[Python-Dev] API design: where to add async variants of existing stdlib APIs?

Tue Mar 7 19:17:03 EST 2017

On Tue, Mar 7, 2017 at 9:41 AM, Brett Cannon <brett at python.org> wrote:
> I don't think a common practice has bubbled up yet for when there's both
> synchronous and asynchronous versions of an API (closest I have seen is
> appending an "a" to the async version but that just looks like a spelling
> mistake to me most of the time). This is why the question of whether
> separate modules are a better idea is coming up.

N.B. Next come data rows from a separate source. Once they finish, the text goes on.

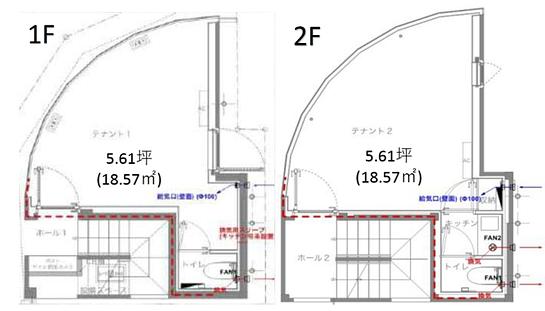 HARVEY神田司町 1～2階 平面図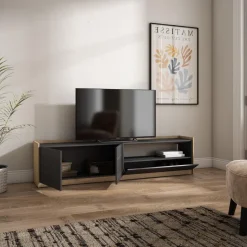 Mueble de TV Kroma con dos puertas y compartimento derecha 49,5x207,2x35 cm
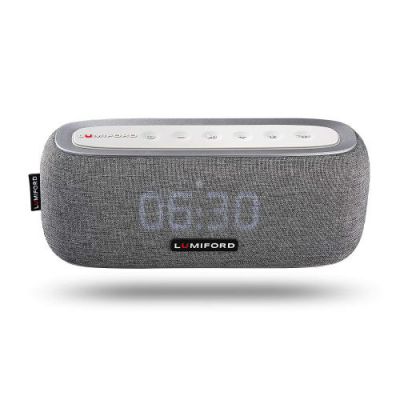 LUMIFORD 3-in-1 Digi Clock Wireless Stereo Bluetooth Speaker with built-in Alexa Voice Control, FM Radio, Dual Alarm Clock (Dark Grey)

For the CSV case, it might be sensible to factor out the io. Like,
provide an API that looks like:

pushdictreader = csv.PushDictReader()
while pushdictreader:
    chunk = read_some(...)
    pushdictreader.push(chunk)
    for row in pushdictreader:
        ...

This API can now straightforwardly be used with sync and async code.
Of course you'd want to wrap it up in a nicer interface, somewhere in
the ballpark of:

def sync_rows(read_some):
    pushdictreader = csv.PushDictReader()
    while pushdictreader:
        chunk = read_some(...)
        pushdictreader.push(chunk)
        for row in pushdictreader:
            yield row

async def async_rows(read_some):
    pushdictreader = csv.PushDictReader()
    while pushdictreader:
        chunk = await read_some(...)
        pushdictreader.push(chunk)
        for row in pushdictreader:
            yield row

So there'd still be a bit of code duplication, but much much less.

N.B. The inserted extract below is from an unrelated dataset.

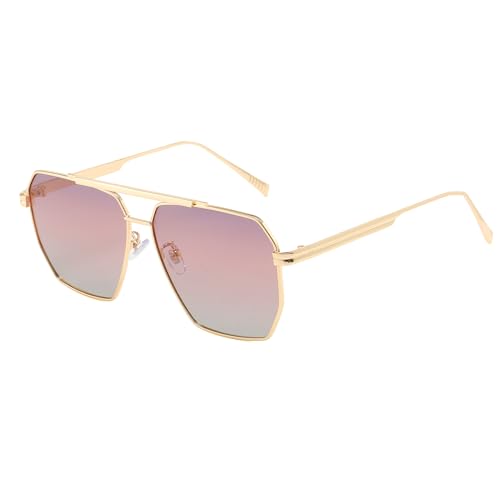 YUELUQU Retro übergroße quadratische Sonnenbrille für Damen Herren Vintage Shades UV400 Klassischer großer Metallrahmen (Gold/farbverlauf lila) von YUELUQU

Essentially the idea here is to convert the csv module to sans-io
style (http://sans-io.readthedocs.io/).

Another option is to make it all-async internally, and then offer a
sync facade around it. So like start with the natural all-async
interface:

class AsyncFileLike(ABC):
    async def async_read(...):
        ...

class AsyncDictReader:
    def __init__(self, async_file_like):
        self._async_file_like = async_file_like

    async def __anext__(self):
        ...

And (crucially!) let's assume that the only way AsyncDictReader
interacts with the coroutine runner is by calls to
self._async_file_like.async_read. Now we can pass in a
secretly-actually-synchronous AsyncFileLike and make a synchronous
facade around the whole thing:

class AsyncSyncAdapter(AsyncFileLike):
    def __init__(self, sync_file_like):
        self._sync_file_like = sync_file_like

    # Technically an async function, but guaranteed to never yield
    async def read(self, *args, **kwargs):
        return self._sync_file_like.read(*args, **kwargs)

# Minimal coroutine supervisor: runs async_fn(*args, **kwargs), which
must never yield
def syncify(async_fn, *args, **kwargs):
    coro = async_fn(*args, **kwargs)
    it = coro.__await__()
    return next(it)

class DictReader:
    def __init__(self, sync_file_like):
        # Technically an AsyncDictReader, but guaranteed to never yield
        self._async_dict_reader =
AsyncDictReader(AsyncSyncAdapter(sync_file_like))

    def __next__(self):
        return syncify(self._async_dict_reader.__anext__)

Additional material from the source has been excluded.